§ AIM OF THE EXERCISE
Once the line containing "[부산지부] 1,000TEU Container" is found in the entries below, reproduce it and every line after it, stopping at and including the line containing "Toyota Camry SE Auto (Natl) 2022"; reproduce nothing else, and keep each line exact.

[Records contained in a dataset]
.....

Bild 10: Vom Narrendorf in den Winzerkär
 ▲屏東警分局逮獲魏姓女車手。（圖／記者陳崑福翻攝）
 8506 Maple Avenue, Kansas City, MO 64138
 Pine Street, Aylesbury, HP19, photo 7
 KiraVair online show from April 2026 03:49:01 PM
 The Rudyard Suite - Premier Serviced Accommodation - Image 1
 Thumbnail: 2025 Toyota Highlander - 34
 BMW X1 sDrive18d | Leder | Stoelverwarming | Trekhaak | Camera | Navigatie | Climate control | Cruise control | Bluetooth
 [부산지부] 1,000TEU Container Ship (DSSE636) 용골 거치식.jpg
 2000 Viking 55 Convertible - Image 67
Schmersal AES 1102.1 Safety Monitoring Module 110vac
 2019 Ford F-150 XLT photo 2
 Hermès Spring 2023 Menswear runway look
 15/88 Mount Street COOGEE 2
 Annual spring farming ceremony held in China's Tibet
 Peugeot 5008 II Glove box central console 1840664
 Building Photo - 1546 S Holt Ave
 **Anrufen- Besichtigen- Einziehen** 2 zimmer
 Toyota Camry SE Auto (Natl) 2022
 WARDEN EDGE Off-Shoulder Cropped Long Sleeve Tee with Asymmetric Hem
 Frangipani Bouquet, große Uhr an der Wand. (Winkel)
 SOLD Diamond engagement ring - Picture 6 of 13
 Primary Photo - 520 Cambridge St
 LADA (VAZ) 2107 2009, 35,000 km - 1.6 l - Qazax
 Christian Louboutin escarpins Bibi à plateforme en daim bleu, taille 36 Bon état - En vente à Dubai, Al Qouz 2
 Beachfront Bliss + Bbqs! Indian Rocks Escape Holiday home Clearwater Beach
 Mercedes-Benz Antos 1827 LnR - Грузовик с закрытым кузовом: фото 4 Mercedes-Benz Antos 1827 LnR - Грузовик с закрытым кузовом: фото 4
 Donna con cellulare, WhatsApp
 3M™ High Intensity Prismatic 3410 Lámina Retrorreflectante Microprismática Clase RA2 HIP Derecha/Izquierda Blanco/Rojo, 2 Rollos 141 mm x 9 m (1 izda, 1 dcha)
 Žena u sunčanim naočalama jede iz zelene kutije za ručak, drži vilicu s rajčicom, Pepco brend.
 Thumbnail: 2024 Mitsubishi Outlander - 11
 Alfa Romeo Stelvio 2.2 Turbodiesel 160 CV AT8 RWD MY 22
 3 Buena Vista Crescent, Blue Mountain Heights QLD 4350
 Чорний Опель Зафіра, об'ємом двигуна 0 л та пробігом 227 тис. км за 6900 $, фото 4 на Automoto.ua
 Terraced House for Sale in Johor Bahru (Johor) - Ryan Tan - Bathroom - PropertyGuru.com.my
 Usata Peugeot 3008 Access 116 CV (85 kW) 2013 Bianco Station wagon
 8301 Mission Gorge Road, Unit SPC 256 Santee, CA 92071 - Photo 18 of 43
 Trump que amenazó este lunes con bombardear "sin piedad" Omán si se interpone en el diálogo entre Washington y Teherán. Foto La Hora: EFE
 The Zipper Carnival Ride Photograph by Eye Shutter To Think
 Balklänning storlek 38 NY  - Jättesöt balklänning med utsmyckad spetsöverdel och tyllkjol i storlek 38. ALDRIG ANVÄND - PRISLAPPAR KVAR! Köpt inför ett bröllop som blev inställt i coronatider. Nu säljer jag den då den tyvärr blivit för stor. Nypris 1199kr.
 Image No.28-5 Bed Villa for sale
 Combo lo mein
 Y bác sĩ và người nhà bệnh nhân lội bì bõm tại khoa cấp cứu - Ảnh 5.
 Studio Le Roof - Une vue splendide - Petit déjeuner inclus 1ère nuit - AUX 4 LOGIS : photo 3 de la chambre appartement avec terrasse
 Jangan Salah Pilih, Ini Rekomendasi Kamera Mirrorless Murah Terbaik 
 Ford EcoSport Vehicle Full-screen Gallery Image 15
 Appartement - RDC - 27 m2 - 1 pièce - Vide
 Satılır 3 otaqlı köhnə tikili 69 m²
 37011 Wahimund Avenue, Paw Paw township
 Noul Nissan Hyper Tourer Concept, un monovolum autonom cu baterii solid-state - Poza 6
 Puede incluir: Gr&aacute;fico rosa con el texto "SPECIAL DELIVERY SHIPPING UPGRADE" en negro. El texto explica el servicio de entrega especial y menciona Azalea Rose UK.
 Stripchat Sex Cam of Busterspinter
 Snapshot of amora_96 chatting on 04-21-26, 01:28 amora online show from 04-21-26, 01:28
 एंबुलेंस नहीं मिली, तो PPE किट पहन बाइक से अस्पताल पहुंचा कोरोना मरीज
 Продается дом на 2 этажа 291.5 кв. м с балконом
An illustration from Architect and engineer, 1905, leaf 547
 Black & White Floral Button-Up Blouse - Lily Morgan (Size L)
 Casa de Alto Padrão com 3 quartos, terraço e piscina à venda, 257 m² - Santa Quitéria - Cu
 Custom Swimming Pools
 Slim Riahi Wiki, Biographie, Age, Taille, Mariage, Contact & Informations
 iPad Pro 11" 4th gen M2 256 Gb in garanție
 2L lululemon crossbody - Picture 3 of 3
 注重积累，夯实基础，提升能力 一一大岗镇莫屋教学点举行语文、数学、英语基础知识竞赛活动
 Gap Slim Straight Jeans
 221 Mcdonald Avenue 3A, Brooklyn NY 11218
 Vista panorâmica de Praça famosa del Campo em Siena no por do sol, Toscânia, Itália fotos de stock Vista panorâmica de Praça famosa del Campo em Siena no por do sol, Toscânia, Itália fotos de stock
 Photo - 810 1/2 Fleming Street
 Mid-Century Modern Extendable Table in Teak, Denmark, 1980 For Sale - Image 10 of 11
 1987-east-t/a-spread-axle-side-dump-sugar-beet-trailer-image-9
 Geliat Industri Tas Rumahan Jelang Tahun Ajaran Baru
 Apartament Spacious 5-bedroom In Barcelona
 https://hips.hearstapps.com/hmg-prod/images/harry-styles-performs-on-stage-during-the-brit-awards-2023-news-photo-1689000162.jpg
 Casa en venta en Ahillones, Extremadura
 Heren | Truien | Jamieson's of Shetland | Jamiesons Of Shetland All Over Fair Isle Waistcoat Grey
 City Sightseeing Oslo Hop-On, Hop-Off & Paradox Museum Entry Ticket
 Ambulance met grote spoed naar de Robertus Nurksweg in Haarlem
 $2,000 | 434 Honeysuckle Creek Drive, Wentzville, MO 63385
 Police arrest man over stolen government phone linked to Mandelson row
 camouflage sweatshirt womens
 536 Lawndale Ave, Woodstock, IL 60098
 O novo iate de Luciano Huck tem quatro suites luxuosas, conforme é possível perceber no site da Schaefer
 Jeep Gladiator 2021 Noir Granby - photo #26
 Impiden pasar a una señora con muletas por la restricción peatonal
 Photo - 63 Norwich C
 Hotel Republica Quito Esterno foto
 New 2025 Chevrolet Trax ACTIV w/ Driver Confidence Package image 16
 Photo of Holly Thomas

.....

§ EXERCISE SOLUTION
 [부산지부] 1,000TEU Container Ship (DSSE636) 용골 거치식.jpg
 2000 Viking 55 Convertible - Image 67
Schmersal AES 1102.1 Safety Monitoring Module 110vac
 2019 Ford F-150 XLT photo 2
 Hermès Spring 2023 Menswear runway look
 15/88 Mount Street COOGEE 2
 Annual spring farming ceremony held in China's Tibet
 Peugeot 5008 II Glove box central console 1840664
 Building Photo - 1546 S Holt Ave
 **Anrufen- Besichtigen- Einziehen** 2 zimmer
 Toyota Camry SE Auto (Natl) 2022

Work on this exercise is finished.